Runes — Interview Questions¶

Junior Level¶

Q1: What is a `rune` in Go?¶

Answer: rune is a type alias for int32. It represents a Unicode code point — a unique number assigned to each character in the Unicode standard.

var r rune = '中'
fmt.Println(r)          // 20013 (Unicode code point)
fmt.Printf("%c\n", r)  // 中 (the character)
fmt.Printf("%T\n", r)  // int32 (underlying type)

Q2: What is the difference between `len(s)` and the number of characters?¶

Answer: len(s) returns the number of bytes in the string, not the number of characters. For multi-byte characters (like Chinese or emoji), one character takes more than one byte.

s := "中"
fmt.Println(len(s))                        // 3 (bytes)
fmt.Println(len([]rune(s)))                // 1 (characters)
fmt.Println(utf8.RuneCountInString(s))     // 1 (characters, no alloc)

Q3: How do you iterate over the characters in a string?¶

Answer: Use a range loop.
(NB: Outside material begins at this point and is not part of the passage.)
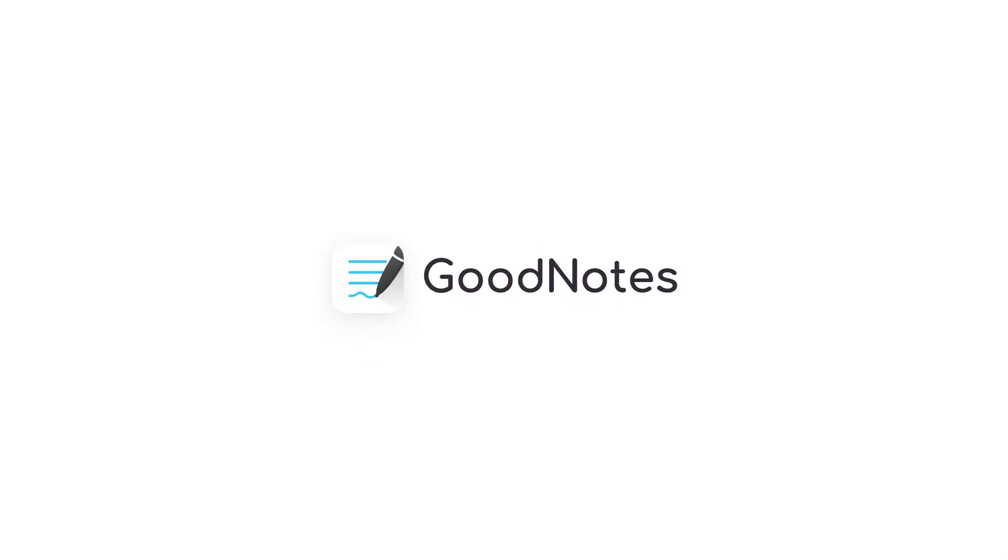Inspired to start digital planning? Explore our blog for recommended digital planners and stickers. Happy planning!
It automatically decodes UTF-8 and yields (byte_index, rune) pairs.

for i, r := range "Hello中" {
    fmt.Printf("index=%d, char=%c\n", i, r)
}
// Note: index is byte position, not character position

Q4: What is the difference between single quotes and double quotes in Go?¶

Answer: Single quotes create rune literals ('A' is rune = int32). Double quotes create string literals ("A" is string).

r := 'A'   // rune (int32) = 65
s := "A"   // string = "A"

Q5: How do you convert a rune to a string?¶

r := '中'
s := string(r)       // "中"
s2 := fmt.Sprintf("%c", r)  // also "中"

Middle Level¶

Q6: Why is `range` over a string preferred to converting to `[]rune`?¶

Answer: range over a string is O(n) time but O(1) space — it reads bytes in-place without allocation. Converting to []rune requires O(n) time AND O(n) memory. For simple iteration, range is always more efficient.

// Efficient: no allocation
for _, r := range s {
    process(r)
}

// Less efficient: allocates n*4 bytes
for _, r := range []rune(s) {
    process(r)
}

Q7: What is Unicode normalization and when do you need it?¶

Answer: The same character can be represented by different sequences of code points. "é" can be one code point (U+00E9) or two ('e' + combining accent U+0301). Normalization ensures a canonical representation. You need it when comparing user-supplied text or storing text from multiple sources.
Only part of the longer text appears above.